Modelling many users making simultaneous hotel reservations in the database
Stephen:We can sign up every user ... in the world
Me:... I wonder with our current code, what happens with that many users attempting to making reservations? :thinking_face:
The problem
What happens when n
many users are attempting to reserve space on a package? If two users perform the reservation check at the same time, then they'll see the same number of rooms available and both be allowed to make a reservation.
If we generalize to n
many users making simultaneous requests, it follows that we are quite likely to create more reservations than we actually have inventory for.
The data setup
Currently we have RoomInventory
which has a date
and a quantity
, this represents how much stock we have in total.
We use RoomReservation
s which have a foreign key to Room, a check in and checkout date and a quantity
of requested rooms.
To see if we have something in stock, we subtract reservations
from inventory.
The problem lies with the fact that the data does not prevent us from overselling (e.g we could decrement the RoomInventory
so it only ever represents current available, but that would likely cause ops confusion)
Database Locks
Max suggested that we have some form of table locking when checking reservations
We want some form of locking, the table level is probably excessive as only one person could ever make a reservation at a time, even if the reservation they're making is for unrelated inventory. So it's probably a good start to see what the docspostgres explicit locking on say.

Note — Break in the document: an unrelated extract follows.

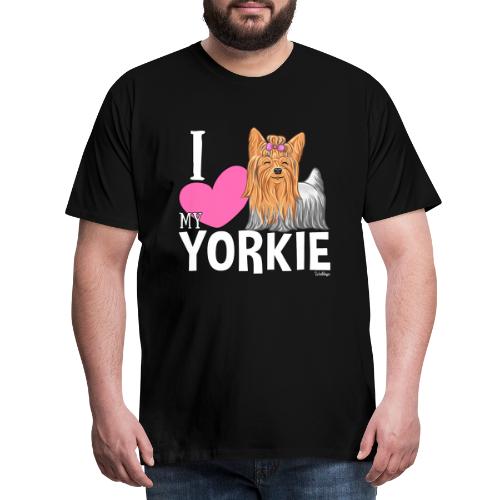 I love my Yorkie - Miesten premium t-paita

Postgres and django allows to use a SELECT FOR UPDATE
FOR UPDATE causes the rows retrieved by the SELECT statement to be locked as though for update. This prevents them from being locked, modified or deleted by other transactions until the current transaction ends. That is, other transactions that attempt UPDATE, DELETE, SELECT FOR UPDATE, SELECT FOR NO KEY UPDATE, SELECT FOR SHARE or SELECT FOR KEY SHARE of these rows will be blocked until the current transaction ends; ...
Row Locking RoomInventory (not chosen)
This means if we lock the RoomInventory, then any other select for update will have to wait, So from https://docs.djangoproject.com/en/2.2/ref/models/querysets/#select-for-update our code would look something like:
RoomInventory.objects.select_for_update(the nights we're interested in, skip_locked=True)
with transaction.atomic():
do_an_inventory_check(on the nights we're interested in)
if we have stock then:
create_reservation()
This will mean we can only create Reservations when we hold the lock for the inventory we're interested in.
But what about existing Reservations, I can just up the quantity?
This needs some testing, but we can add a ManyToMany from the RoomReservation to RoomInventory that stores the nights that that reservation is for.
When you lock an object, it also locks the objects that it's related to. When we lock RoomInventory hopefully that'd lock any other RoomReservations on that inventory.
SELECT FOR UPDATE locking other tables in PostgreSQL - Database Administrators Stack Exchange
We'd would need to test for a many to many
skip_locked?
This allows us to other transactions to select_for_update other RoomInventory if there is not currently a lock on those rows.
So we can create inventory for different room inventory concurrently.
Potential Problems
- What's the performance implications of doing this?
- What timeout issues, live/dead/infinite lock scenarios could occur?
- many to many does not mean the reservation is locked? perhaps just the intermediate table?
Summary
lock the RoomInventory using select_for_update(skip_locked=True) for the duration of the inventory check and the creation of the reservation (i.e when we're going through the ambassador flow)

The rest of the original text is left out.